# Material for this exercise
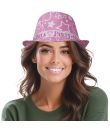 Party girls pink hat 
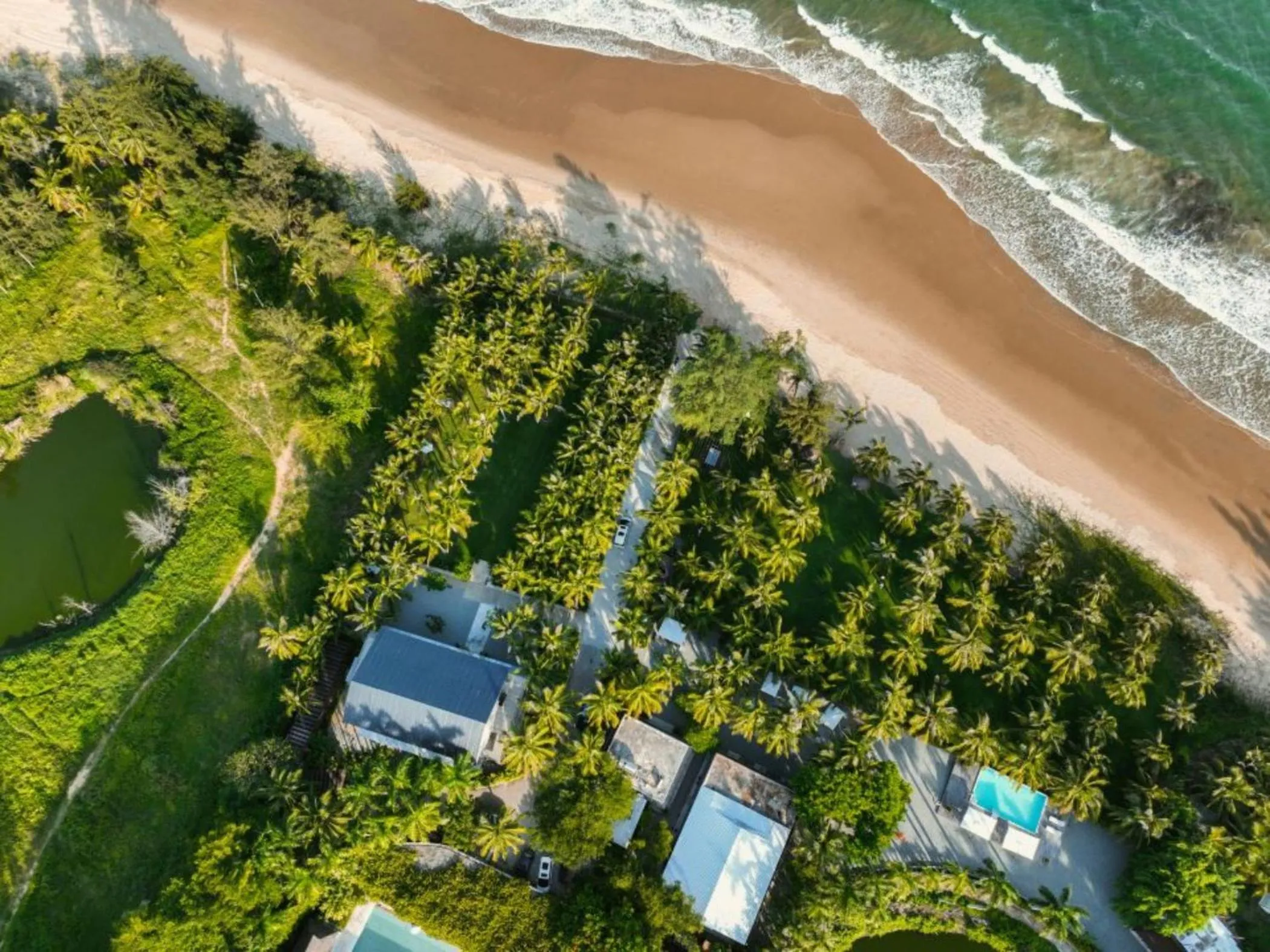 Property building in Anyu Hotel Sanya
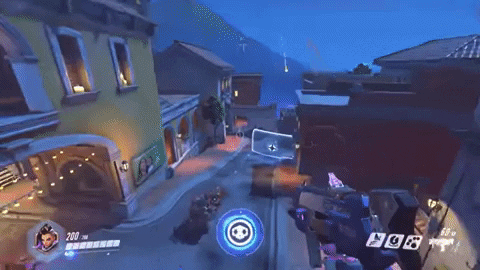MCMinnow giphyupload overwatch sombra GIF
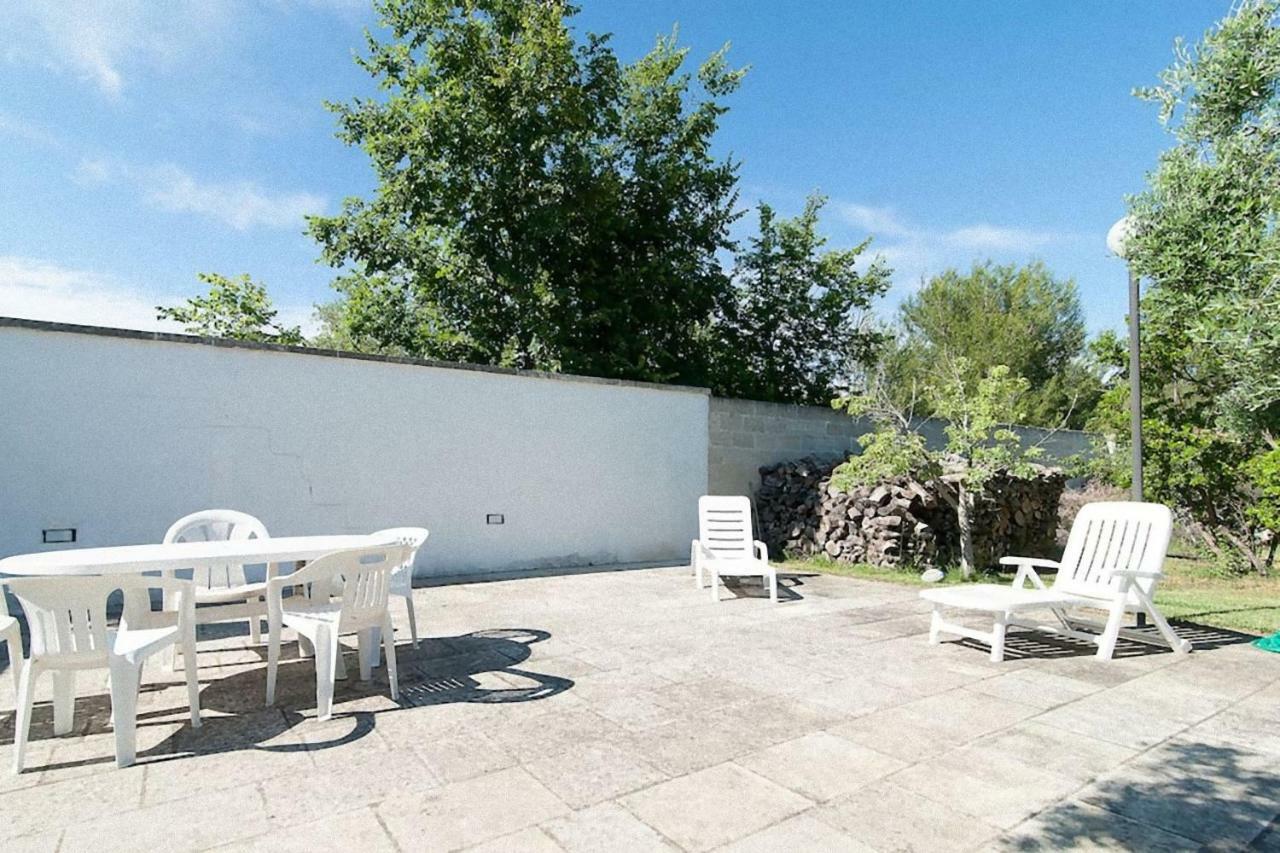 Casa Vacanze Mare E Ulivi San Foca Dış mekan fotoğraf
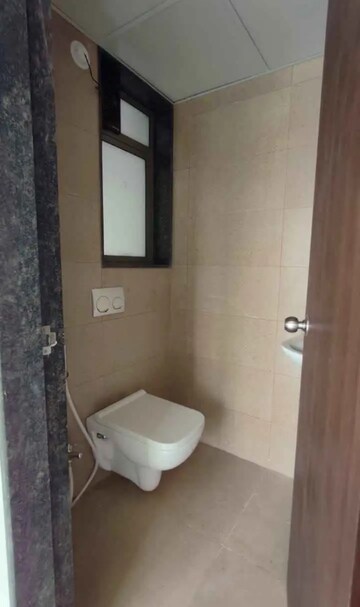 Bathroom in 2 BHK Apartment at Runwal Eirene, Balkum Pada – for Rent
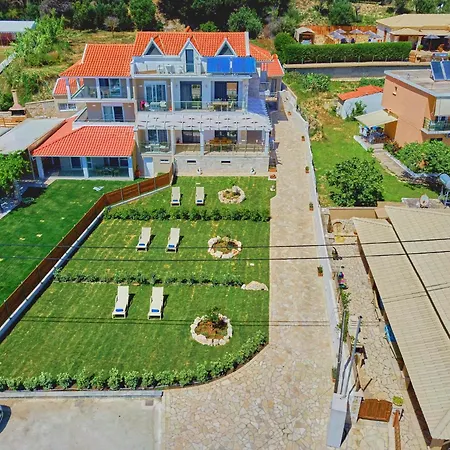 Lägenhet Christos Corfu Premium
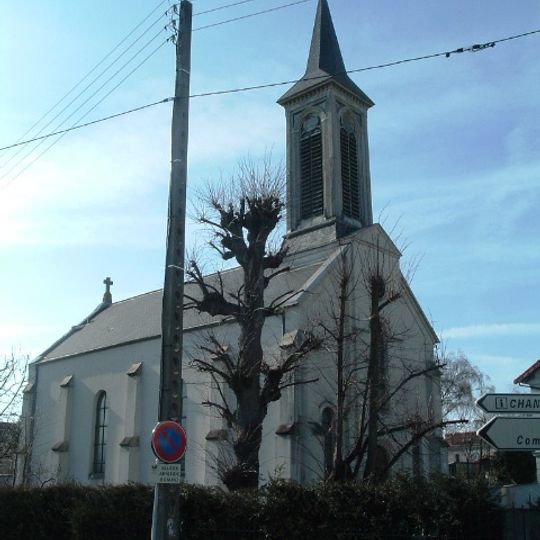 Temple de Corbeil-Essonnes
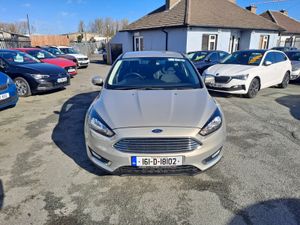 Ford Focus Titanium 2016 (LOW MILEAGE) - Image 3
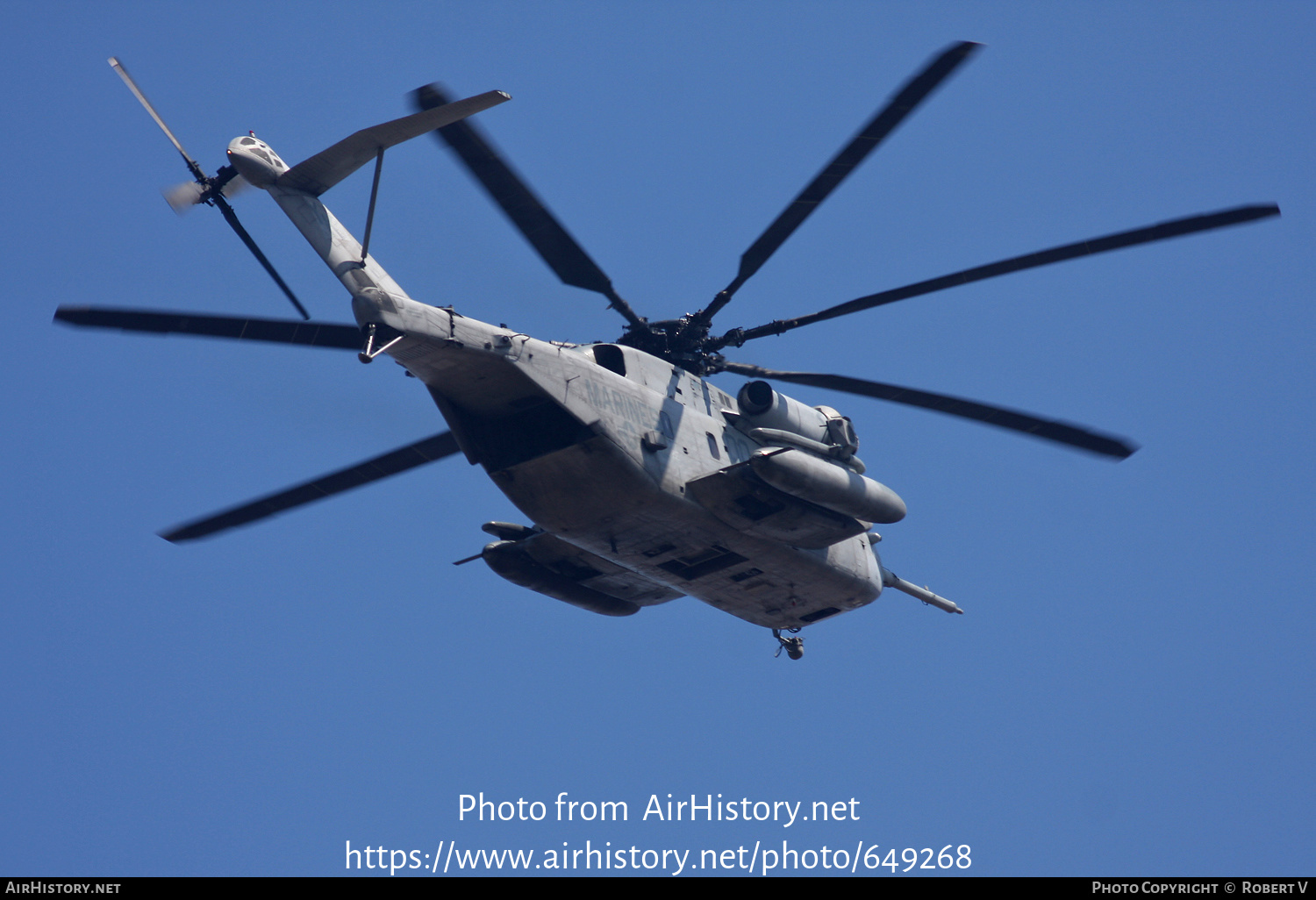 Aircraft Photo of 161179 | Sikorsky CH-53E Super Stallion | USA - Marines | AirHistory.net #649268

# Exercise aim
From the first line of the records through the line containing "Lägenhet Christos Corfu Premium", please output exactly those lines and nothing more, leaving out the pictures.

# Finished task
 Party girls pink hat 
 Property building in Anyu Hotel Sanya
MCMinnow giphyupload overwatch sombra GIF
 Casa Vacanze Mare E Ulivi San Foca Dış mekan fotoğraf
 Bathroom in 2 BHK Apartment at Runwal Eirene, Balkum Pada – for Rent
 Lägenhet Christos Corfu Premium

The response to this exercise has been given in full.